Wednesday, June 12, 2013

Great expectations

Armenia, photo by Tanya Andren
Aria Kinch, Armenia, 2001-2003
By Kristen Hare
  She knew, before she left Michigan, what the Peace Corps was, and what the Peace Corps wasn’t. At least a little.
  Aria Kinch agreed when the recruiter told her that she’d get way more out of these two years than she’d ever give. She understood that life in Armenia would be hard in a million ways life had never been hard before. And she got that the Peace Corps’ logo, “The toughest job you’ll ever love,” wasn’t false advertising.
  Still, with each conversation she had before leaving home, each goodbye, her excitement and her expectations grew.
  “Go out and change the world,” her friends, family and colleagues told her again and again.
  On the plane ride from Washington D.C. into Zvartnots International Airport, Aria carried that with her. 
  Go out. 
  Change the world. 
  The sense of possibility buzzed around inside her.
  Off the plane, the Peace Corps staff took Aria’s group to Zvartnots Cathedral, an Armenian heritage site, for a welcome ceremony.
  The full moon hung heavy to one side of a snow crowned mountain that June morning. At the old temple ruins, first built in the 7th century, she was surrounded by arching pillars and red poppies.
  As the sun rose, local musicians played the duduk, a wind instrument made from the wood of the apricot tree. Other than their song, the place was silent.
  Her own excitement quieted.
  Zvartnots was an ancient place of worship, but there was little left now. Just crumbling stones the shape of what once was and a group of eager Americans ready to go out and be helpful.
  Aria and her group boarded a bus bound for a town two hours from the capitol. Through the mountains, across the Armenian roads, they saw no one. They arrived in Gymri late that morning and found a town devastated by blow after blow after blow.

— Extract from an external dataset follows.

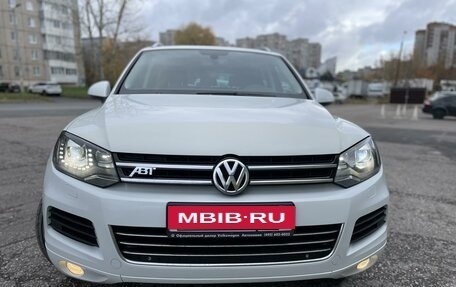 Volkswagen Touareg III, 2014 год, 2 650 000 рублей, 8 фотография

  Gymri was at the epicenter of an earthquake in 1988. Many buildings never rose again. Pictures of the dead decorated the headstones in the vast graveyard. There’d been the recent land war with Azerbaijan, cutting off the town’s supply of natural gas. And the town had lost power for two and a half years after the Soviet Union fell. Many places never got it back.
  This was a staggering place, but still, she found quickly, it was a place that remembered what it had once been. The literacy rate in Armenia was 96 percent when Aria was there. People were well-educated. They knew of the world. But there was little power. No jobs. Most of the men left to find work elsewhere. 

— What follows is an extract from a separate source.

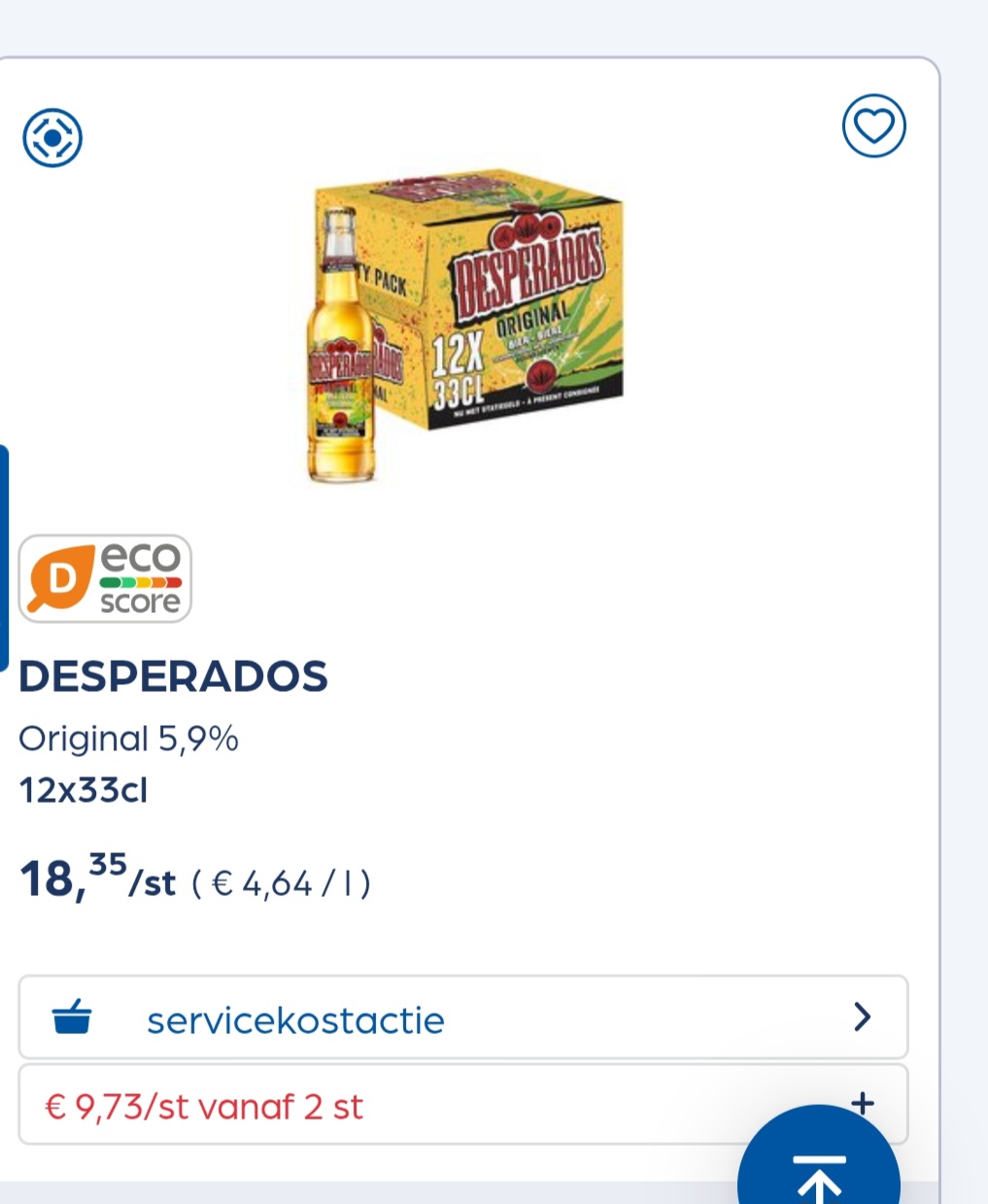 Desperados Original 5,9% 12x33cl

  It felt like a place in permanent mourning.
  From the beginning, Aria struggled with the language, more than most, she thought. She cried a lot in frustration. And sometimes, she laughed.
  The word for toilet was similar to the word for watermelon. She often requested the wrong one.
  She couldn’t talk as she had back home. Seeing the sadness and struggling to find words, her excitement withered. 
  But in its place, something new developed.
  People saw her, a young American with wild blond hair and a quick smile, and they wanted to talk. They told her about the people they’d lost, the good jobs they’d once had, what life was like before.   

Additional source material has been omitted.